I think Sameer has quite a task to present all the background information necessary to understand this paper. I think the basic idea of the paper is clear, simple, and very nice, but I am getting very confused by the math, It would be helpful I think to know the meanings of all the parts of equation (2). I can see what functions G(theta) and Po(x) represent in specific examples, but I don't know what the meanings of these functions are in general. I feel like they have more meaning than just being a way to split up lg(P(x|theta)) into parts by their dependencies, but maybe I am wrong. I think this might help me understand why it can be easily verified that g(theta) = E[x|theta], as I do not understand the relationship between Po(x) and the expected value of x.

I am totally confused by the whole part in the last paragraph of 2.2 (as I have not looked at the Generalized Linear Models paper) and I think it would be helpful to hear some about that.

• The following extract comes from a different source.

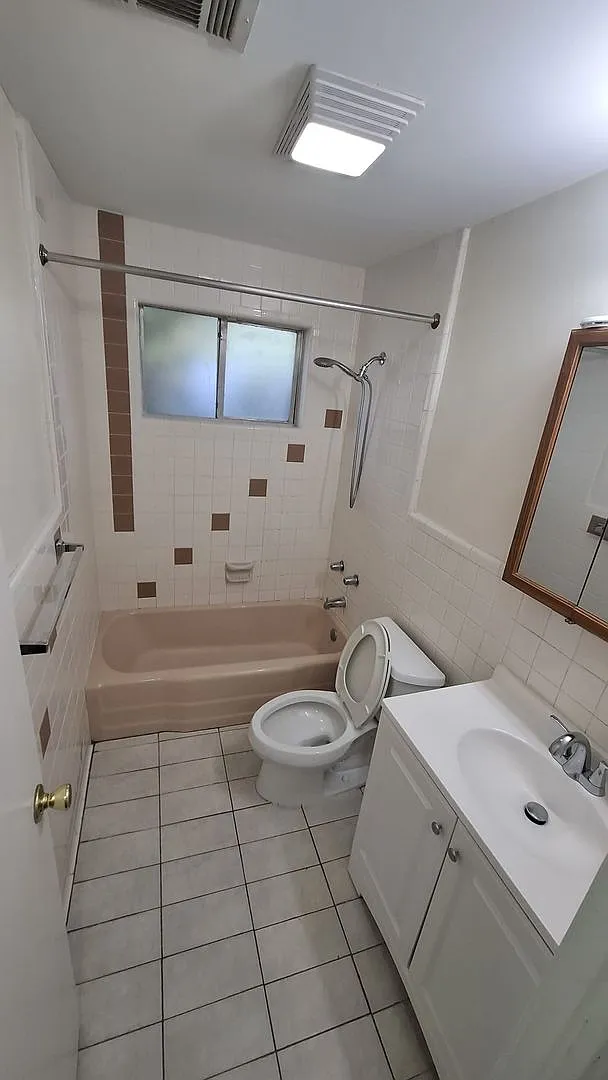 4221 Palmyra St. — Photo 4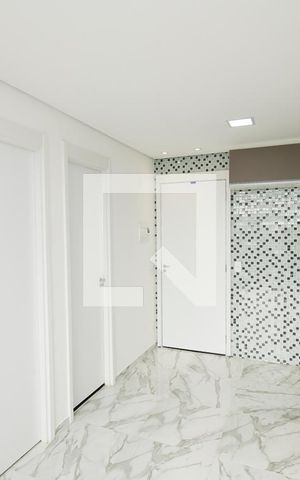 Apartamento para alugar com 37m², 2 quartos e 1 vagaSala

I was also wondering what the meaning of the Bregman distance is. It seems to fit conveniently into the minimization problem, but I am interested to hear its standard context.

Finally, does the actual algorithm for minimizing the loss function assume that the components v_i are mutually orthogonal? If it does not, then how is each minimization done separately -- it seems like we want the collection of l vectors v_i (and corresponding coefficients a_i) that minimize the loss function, but somehow we are able to divide this problem into finding each v_i separately. What stops you from getting the same v_i from each of these minimizations? Even if orthogonality is assumed, then how is it enforced?